The legal pushback comes in response to an amended class-action lawsuit filed by FTX customers earlier this month in a Florida federal court.

Plaintiffs are seeking to update their 2023 suit, arguing that recent revelations from FTX’s bankruptcy proceedings and the criminal trial of founder Sam Bankman-Fried suggest Fenwick provided key legal support that enabled the fraud.

Fenwick Dismisses FTX Allegations as Speculative and Misleading

In its filing, Fenwick dismissed the allegations as speculative and misleading, asserting it merely provided routine legal services typical of any outside counsel.

“Fenwick is not liable for aiding and abetting a fraud it knew nothing about,” the firm wrote, “based solely on allegations that Fenwick did what law firms do every day — provide routine and lawful legal services to their clients.”

The plaintiffs’ broader class-action case also includes claims against celebrities and companies linked to FTX.

While law firm Sullivan & Cromwell was initially named in the case, it was later dropped after a court-appointed examiner found no evidence the firm had knowledge of the fraud.

Fenwick said the latest complaint recycles similar accusations previously made against Sullivan & Cromwell, noting the plaintiffs “offer no credible reason why the same allegations should survive against Fenwick.”

Central to the new claims is testimony from Nishad Singh, FTX’s former lead engineer, who reportedly discussed Fenwick’s involvement in structuring loans.

Fenwick countered that Singh did not accuse the firm of helping cover up misuse of customer funds. Instead, the testimony described standard legal work on “founder loans,” which are common in startups.

Fenwick also argued that dozens of witnesses in Bankman-Fried’s criminal trial testified to being unaware of the fraud, including FTX’s internal lawyers, employees, and other external advisors, adding that “Fenwick is no different.”

Fenwick Rejects Claims It Promoted FTX’s FTT Token

The firm further criticized new allegations that it helped launch and promote FTT, FTX’s exchange token, as violating Florida and California securities laws.

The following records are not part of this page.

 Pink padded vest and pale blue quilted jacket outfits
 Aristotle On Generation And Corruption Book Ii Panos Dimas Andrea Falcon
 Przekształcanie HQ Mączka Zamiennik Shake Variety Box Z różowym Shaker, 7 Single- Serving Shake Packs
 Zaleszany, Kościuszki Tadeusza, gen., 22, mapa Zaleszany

Fenwick labeled those claims “frivolous” and “untimely,” accusing plaintiffs of filing them only after a judge allowed state securities claims to proceed against celebrity endorsers.

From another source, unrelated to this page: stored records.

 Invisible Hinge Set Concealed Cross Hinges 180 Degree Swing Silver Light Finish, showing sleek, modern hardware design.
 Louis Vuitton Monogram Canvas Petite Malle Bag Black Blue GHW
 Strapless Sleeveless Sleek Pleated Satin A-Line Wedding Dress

“This is an eleventh-hour attempt to recast lawyers as ‘promoters,’” Fenwick said. “But this theory too goes nowhere.”

The court has yet to rule on whether the amended complaint will be accepted.

As reported, FTX has announced that it will begin its next round of cash distributions to creditors on or around September 30, 2025. The record date for eligible claimants was set for August 15.

The payments will be processed through FTX’s designated distribution partners, including BitGo, Kraken, and Payoneer.

Meanwhile, a Chinese creditor representing over 300 users is opposing FTX’s proposal to restrict payouts in 49 jurisdictions, including China, arguing it is legally unfounded and unfair.